9. En deuxième lieu, la société requérante n'indique ni dans ses écritures, ni même à l'audience, la nature du sous-critère qui n'aurait pas été annoncé par la commune d'Arcueil et que celle-ci aurait utilisé pour évaluer les offres. L'utilisation d'un tel sous-critère ne résulte pas davantage de l'instruction. Dès lors, le moyen tiré de l'existence d'un item non annoncé doit être écarté. Par voie de conséquence, il en va de même du moyen tiré de ce qu'un tel item n'aurait pas été pondéré dans les documents de la consultation.

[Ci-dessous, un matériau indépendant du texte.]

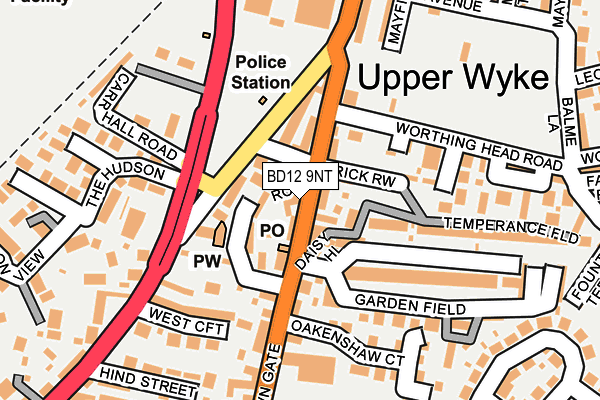 BD12 9NT map - OS OpenMap – Local (Ordnance Survey)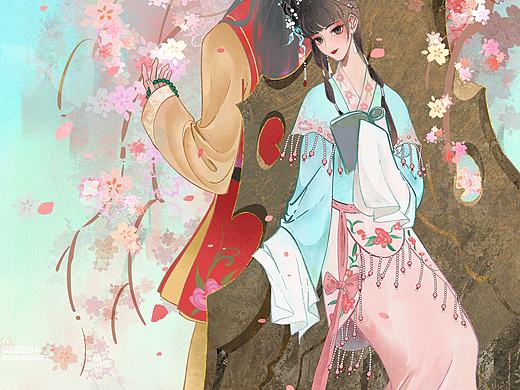 根据中国经典四大越剧的插画创作！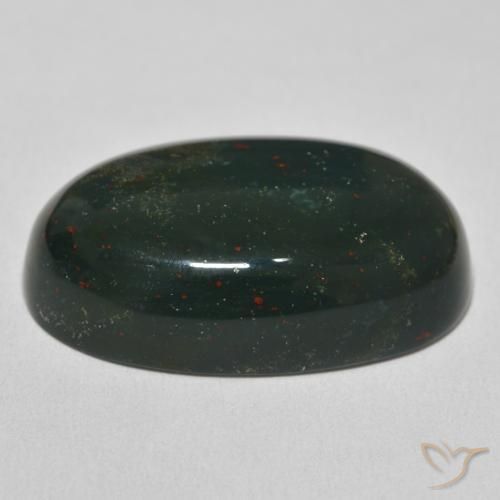 Bloodstone Gemstone in 28.8 x 18.5 mm Size for Sale, Bloodstone Stone in Dark Green Color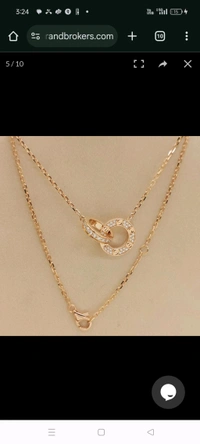 Anti Tarnish Gold Tone American Diamond Round Shape Chain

10. En troisième lieu, la commune d'Arcueil n'était pas tenue de retenir un critère environnemental alors même que l'objet de son marché était, ainsi qu'il a été dit au point 1, le nettoyage écologique des locaux, dès lors que l'objet environnemental du marché était pris en compte dans d'autres items du marché, tels le " matériel écologique " (point 6.1.1), les " Produits et consommables écologiques " (point 6.2.1. du CCTP). Dès lors le moyen doit être écarté.
En ce qui concerne le moyen tiré de la dénaturation de l'offre de la société :
11. Il n'appartient pas au juge du référé précontractuel, qui doit seulement se prononcer sur le respect, par le pouvoir adjudicateur, des obligations de publicité et de mise en concurrence auxquelles est soumise la passation d'un contrat, de se prononcer sur l'appréciation portée sur la valeur d'une offre ou les mérites respectifs des différentes offres. Il lui appartient, en revanche, lorsqu'il est saisi d'un moyen en ce sens, de vérifier que le pouvoir adjudicateur n'a pas dénaturé le contenu d'une offre en en méconnaissant ou en en altérant manifestement les termes et procédé ainsi à la sélection de l'attributaire du contrat en méconnaissance du principe fondamental d'égalité de traitement des candidats.
12. Pour établir que la commune d'Arcueil aurait dénaturé son offre, la société requérante soutient, d'une part, qu'elle a obtenu la note de 0/4 sur l'item " Mètre carré nettoyé/heure ", alors qu'elle soutient avoir apporté des précisions quant à ce sous-critère, et d'autre part, qu'elle a obtenu les notes de 4/8 pour les items " mesures d'hygiène et sécurité ", et " Gestion du personnel ", alors qu'elle avait obtenu de meilleures notes pour le lot n° 1 sur chacun de ces items. Toutefois, d'abord, ainsi qu'il a été dit au point 11, une telle argumentation revient à remettre en cause l'appréciation du pouvoir adjudicateur sur son offre, alors qu'il n'appartient pas au juge du référé précontractuel de se prononcer sur une telle argumentation. Ensuite, la circonstance que les notes obtenues par la société sur les mêmes items aient été supérieures pour le lot n° 1 ne permet pas d'établir la dénaturation alors que certaines exigences étaient spécifiques à chacun des lots. Il résulte de ce qui précède que le moyen doit être écarté, sans qu'il y ait lieu d'ordonner la production du rapport d'analyse des offres.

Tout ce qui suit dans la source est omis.